◆ **Task directions**: In the entries that follow, the lines from the line containing "Квартира-студия, 23 м², 1 кровать" up to and including the line containing "Everyday Blessings Magnet" must be copied exactly, with pictures omitted.
== Provided data ==
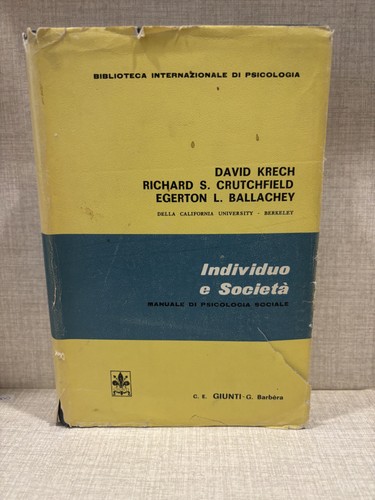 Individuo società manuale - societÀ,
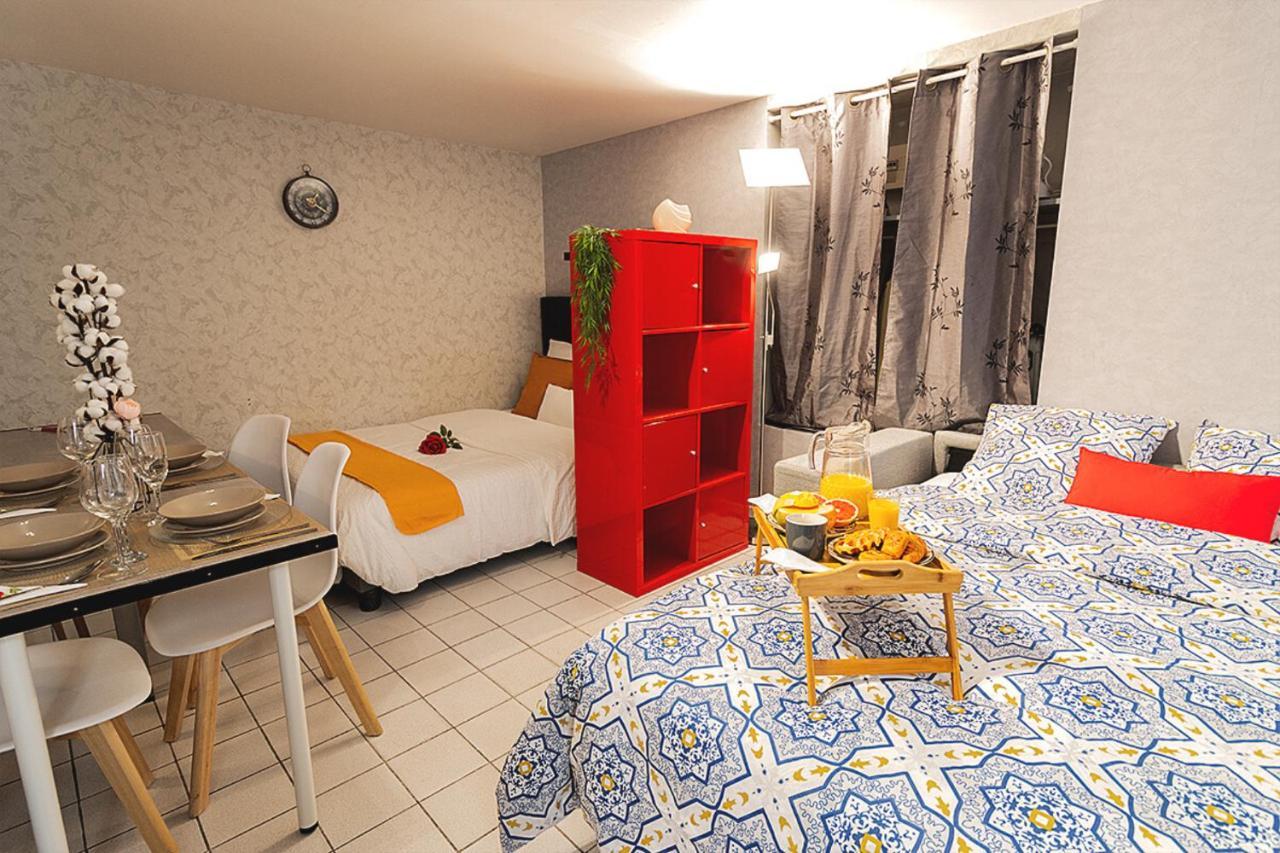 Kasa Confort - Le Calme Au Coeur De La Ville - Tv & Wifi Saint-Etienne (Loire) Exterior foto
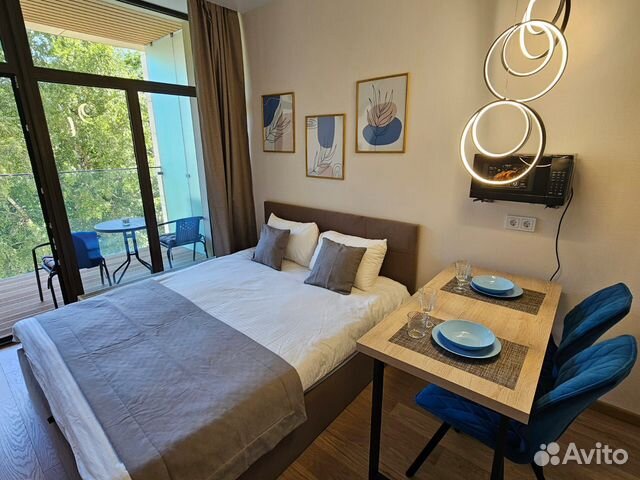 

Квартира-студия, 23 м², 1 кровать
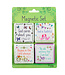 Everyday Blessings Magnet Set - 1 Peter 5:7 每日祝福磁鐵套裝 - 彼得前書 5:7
===
== Provided data ==
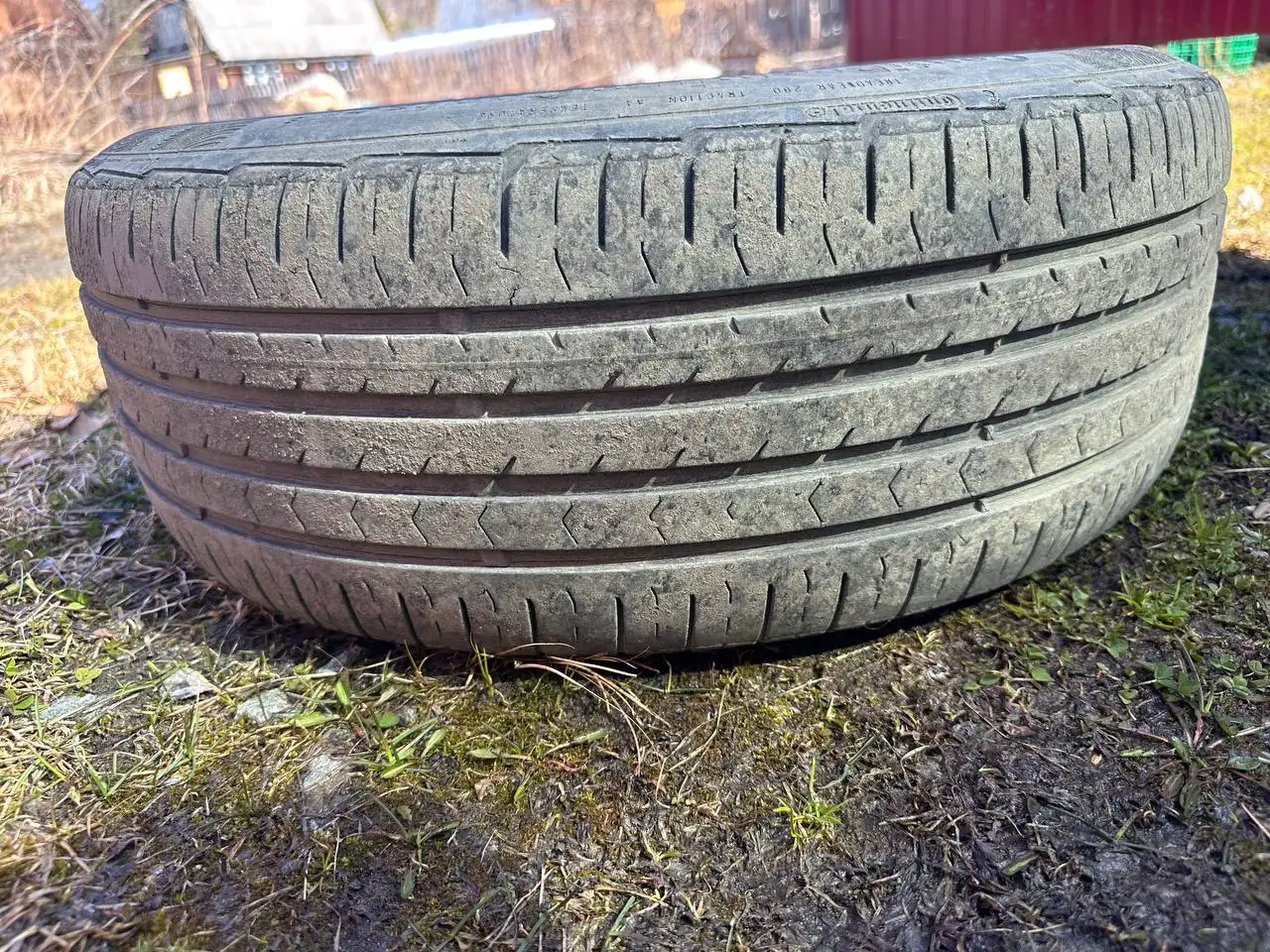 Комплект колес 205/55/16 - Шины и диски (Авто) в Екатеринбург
===
== Provided data ==
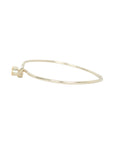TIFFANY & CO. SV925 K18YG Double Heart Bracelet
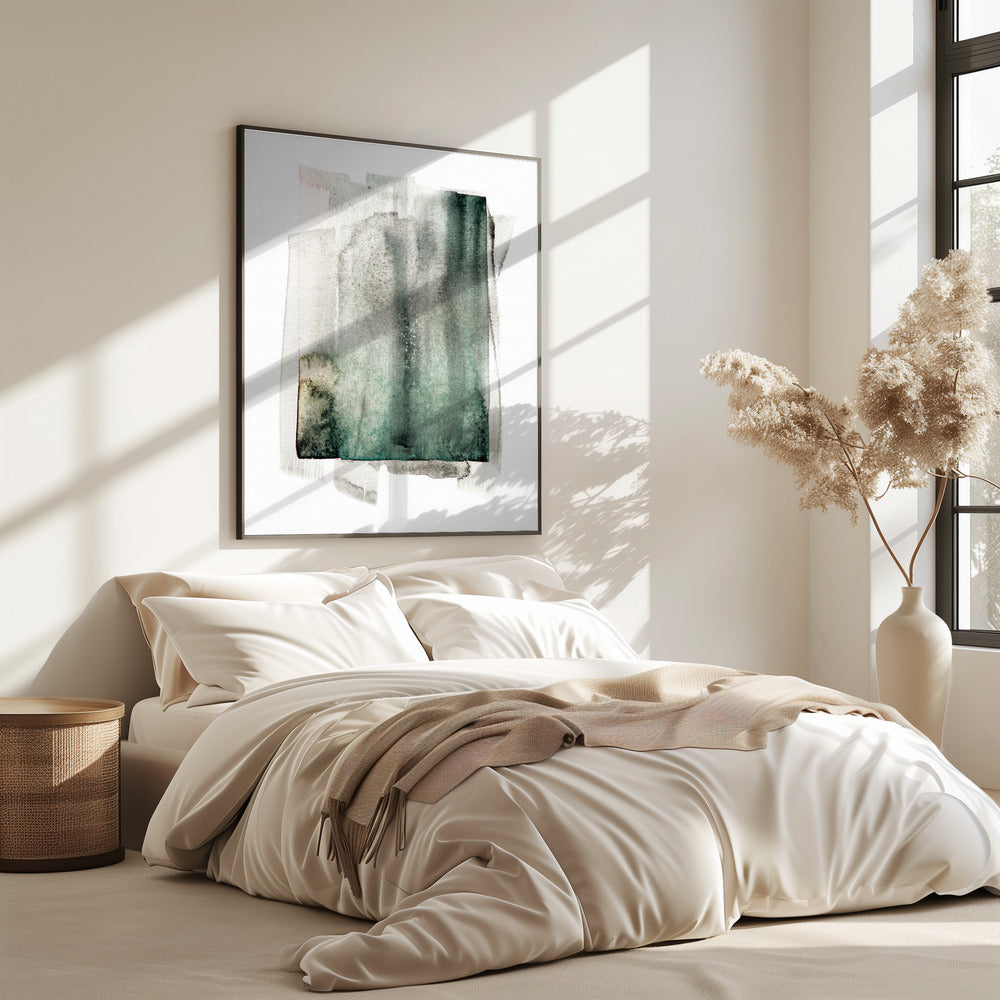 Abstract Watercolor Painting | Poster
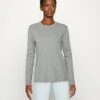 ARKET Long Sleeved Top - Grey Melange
===
◆ **Exercise solution**:
Квартира-студия, 23 м², 1 кровать
 Everyday Blessings Magnet Set - 1 Peter 5:7 每日祝福磁鐵套裝 - 彼得前書 5:7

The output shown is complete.